Re: conflict with recovery when delay is gone

From
Radoslav Nedyalkov
Date:


On Fri, Nov 13, 2020 at 7:37 PM Laurenz Albe <laurenz.albe@cybertec.at> wrote:
On Fri, 2020-11-13 at 15:24 +0200, Radoslav Nedyalkov wrote:
> On a very busy master-standby setup which runs typical olap processing -
> long living , massive writes statements,  we're getting on the standby:
>
>  ERROR:  canceling statement due to conflict with recovery
>  FATAL:  terminating connection due to conflict with recovery
>
> The weird thing is that cancellations happen usually after standby has experienced
> some huge delay(2h), still not at the allowed maximum(3h).
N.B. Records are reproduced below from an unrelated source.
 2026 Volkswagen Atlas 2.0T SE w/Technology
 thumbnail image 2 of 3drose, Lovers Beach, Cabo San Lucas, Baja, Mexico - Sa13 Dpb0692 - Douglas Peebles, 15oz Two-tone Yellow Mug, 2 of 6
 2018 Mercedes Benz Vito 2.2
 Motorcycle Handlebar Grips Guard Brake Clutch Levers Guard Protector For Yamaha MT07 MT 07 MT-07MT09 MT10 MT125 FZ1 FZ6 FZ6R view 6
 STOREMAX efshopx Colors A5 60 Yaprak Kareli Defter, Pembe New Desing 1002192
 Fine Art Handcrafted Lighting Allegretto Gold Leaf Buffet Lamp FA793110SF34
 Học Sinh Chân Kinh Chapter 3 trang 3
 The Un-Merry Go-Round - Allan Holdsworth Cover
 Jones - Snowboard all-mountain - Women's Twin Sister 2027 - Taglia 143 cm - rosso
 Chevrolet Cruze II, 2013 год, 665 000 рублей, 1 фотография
Even recently run statements
> got cancelled when the delay is already at zero.
>
> Sometimes the situation got relaxed after an hour or so.
> Restarting the server instantly helps.
>
> It is pg11.8, centos7, hugepages, shared_buffers 196G from 748G.
>
> What phenomenon could we be facing?

Hard to say.  Perhaps an unusual kind of replication conflict?
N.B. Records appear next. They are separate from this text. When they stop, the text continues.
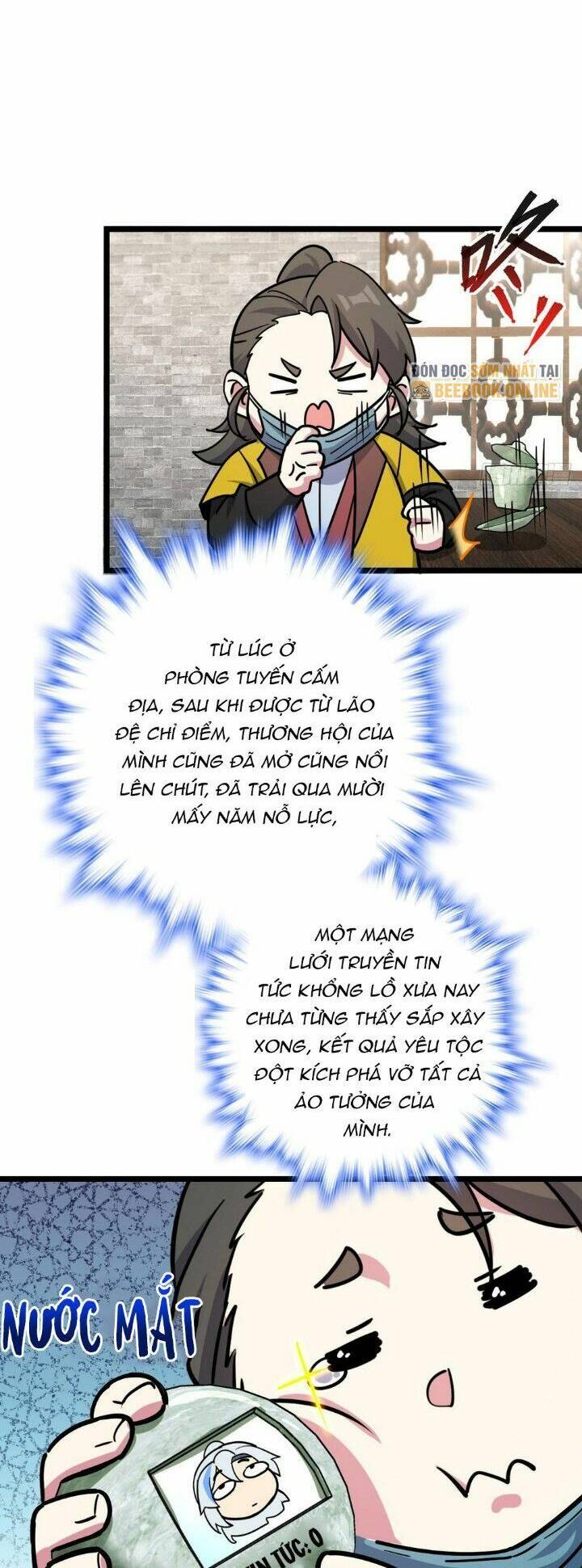 Sư phụ của ta mỗi khi đến đại nạn mới đột phá - Chapter 48 - Page 14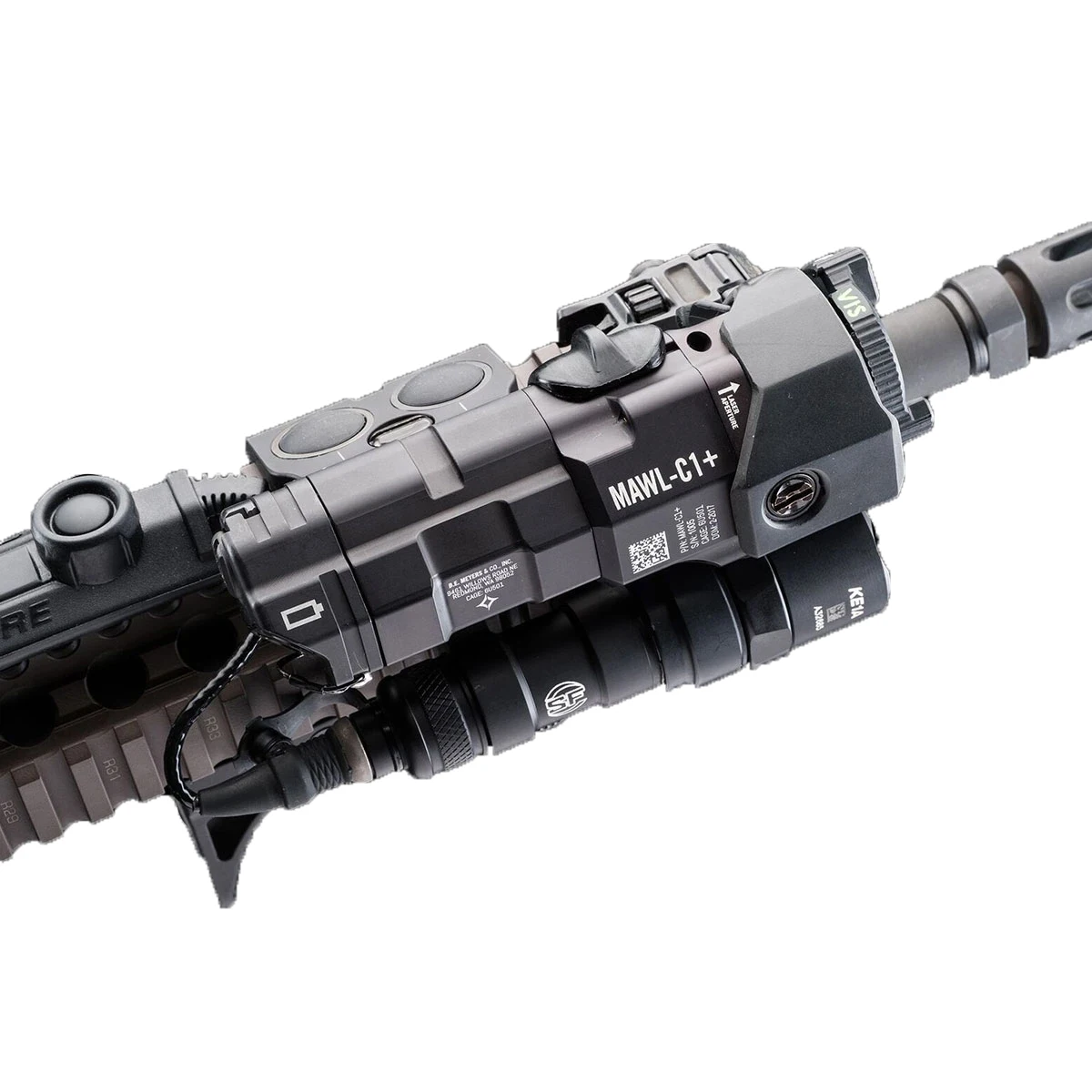 MAWL C1: monocular de visión nocturna con láser verde y luz LED blanca - imagen 4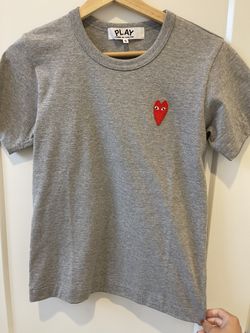Comme Des Garcons Heart Logo T-shirt
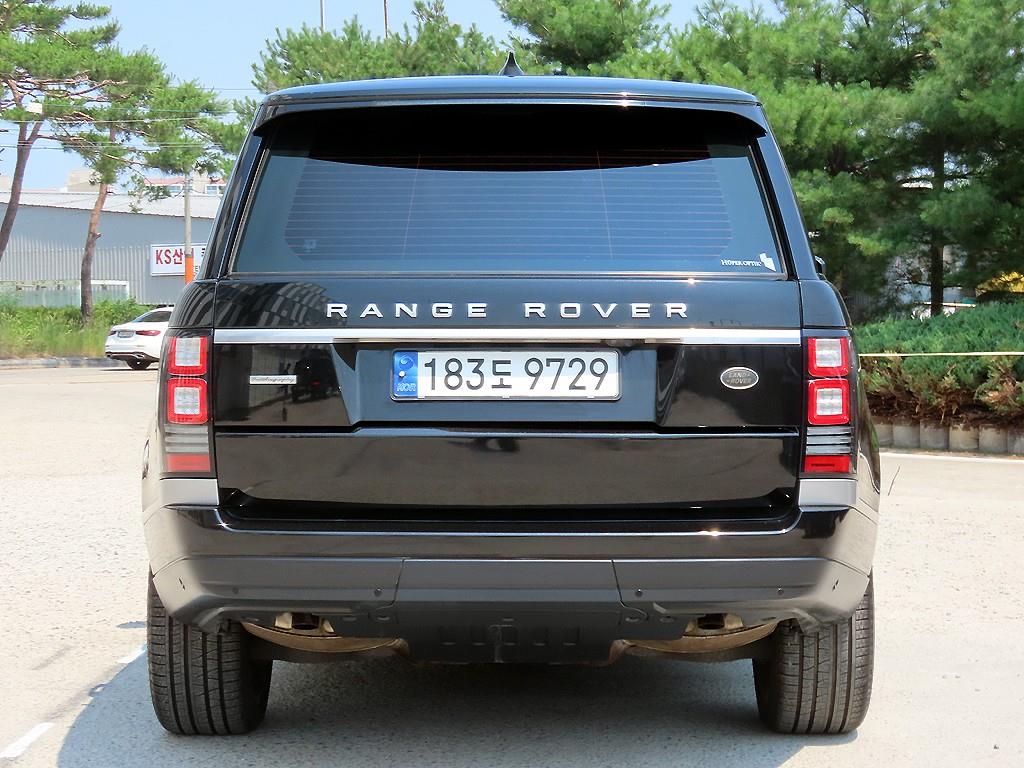 Land Rover Range Rover - Vista 6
What is in "pg_stat_database_conflicts" on the standby server?

db01=# select * from pg_stat_database_conflicts;
 datid |  datname  | confl_tablespace | confl_lock | confl_snapshot | confl_bufferpin | confl_deadlock
-------+-----------+------------------+------------+----------------+-----------------+----------------
 13877 | template0 |                0 |          0 |              0 |               0 |              0
 16400 | template1 |                0 |          0 |              0 |               0 |              0
 16402 | postgres  |                0 |          0 |              0 |               0 |              0
 16401 | db01      |                0 |          0 |             51 |               0 |              0
(4 rows)

On a freshly restarted standby we've just got similar behaviour after a 2 hours delay and a slow catch-up.
confl_snapshots is 51 and we have exactly the same number cancelled statements.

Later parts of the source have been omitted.